Hi Linda,
It seems to me that you have thought about it enough to get started. Planting and trials have to start to obtain results. If results are bad, you have learned something and do better next time.
People that have responded, have given good advice. It is up to you to use it or not. You know best what you want and what you can handle. I am not familiar with your climate. I am in 7b, which should be warmer,
If it were my place, i would plant my grapes on the south side of the shop, thornless blackberry would do great on east side of it. I would try my luck with raspberries on the west side. I would make some structure on the side of the shop, to tie them onto. I would probably spread my hashkaps around the white shop as well, because I don't know too much about them. As an alternative, I might plant the hashkaps where you intendend the fence.
The south side of the white shop should be a good place for a future greenhouse as well,
if you can level the ground. Extra runoff ftom the roof, would be a great opportunity to irrigate the greenhouse.

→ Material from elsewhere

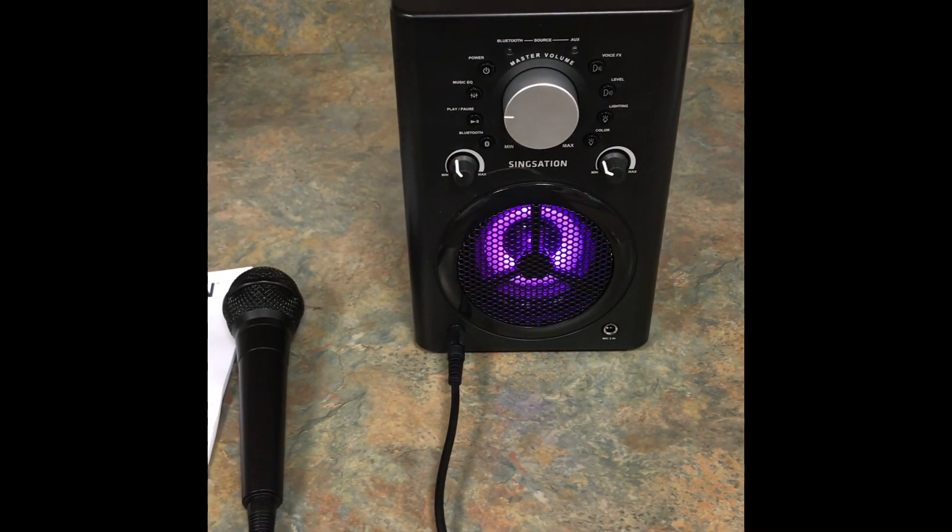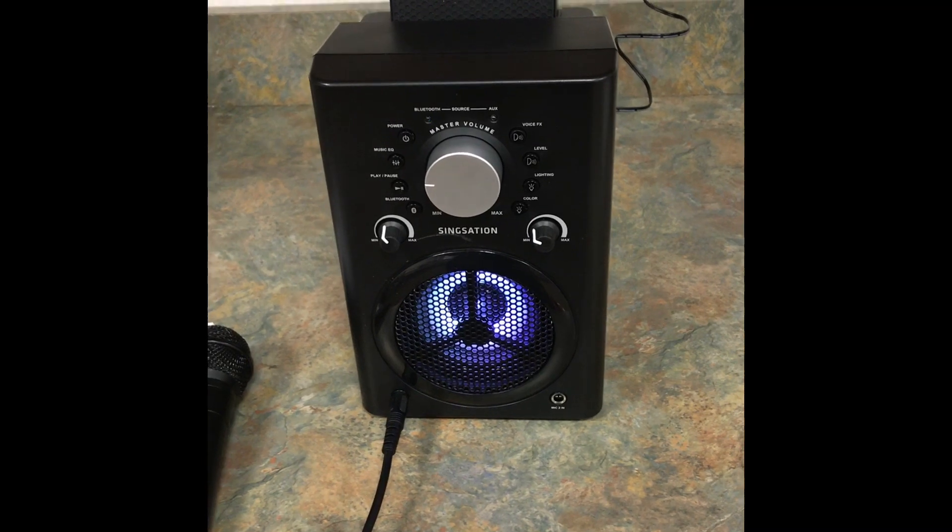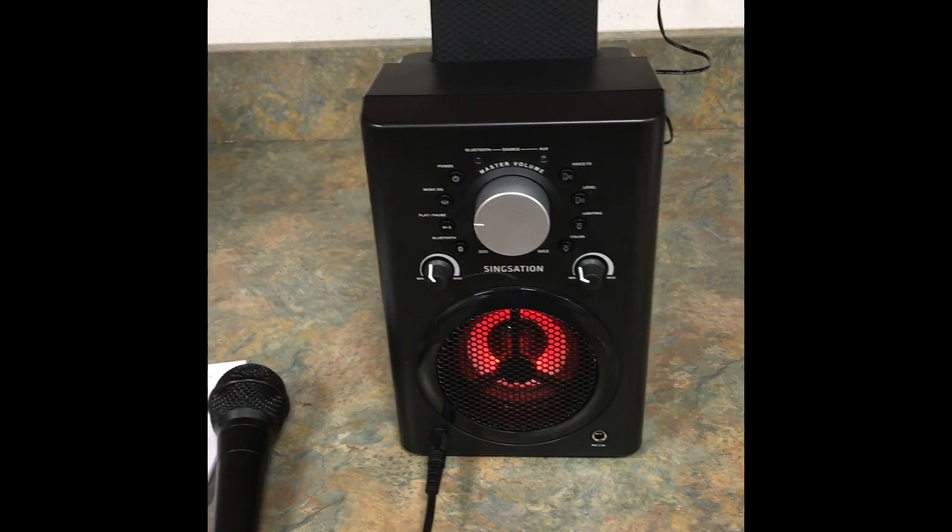Hey, it's Miss Abby from the Collins Library, back to tell you about more items in our Library of Things collection. Today we're going to do something that's great if you're having a party — this is our karaoke machine. It comes with a speaker, a microphone, and instructions.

The zones that you have no use for now, I would definitely use to plant trees from seeds. Planting trees from seeds is easy, and it takes them a long time to produce. I can imagine zone E for nut trees. They will be on the shady side of your house, but will grow tall, probably taller than your house, so they will catch enough sun anyway. I would first create a visible line. Sticks or poles with a wire will do, but maybe you don't even need that. I would create a compost row (not heap), to prepaire the soil. Every (other) day, I would walk up there and slide aside some of the compost to plant my apple cores and fruit kernals, and dump my kitchen waste on the other end of the row. I would plant the seeds/cores every 10cm. If I could get my hands on something special, like chestnuts, or hazels or another nut, I would plant them on the on the north side of this row, or intermingled. If I had only a few, I would space them wider and mark them with a stick. I would not bother much with it all and let nature do the work. By the time you have more time on your hands, you will have so much more experience and confidence and recipes. If the line gets you nice fruit, you can cut away what does not. If there is nothing nice, you have firewood, or your kids have a nice spot to play wild. In the mean time your nut trees are still growing in a healthy eco system.
Good luck with your dreams and plans, don't forget to have fun doing it all. Keep us posted.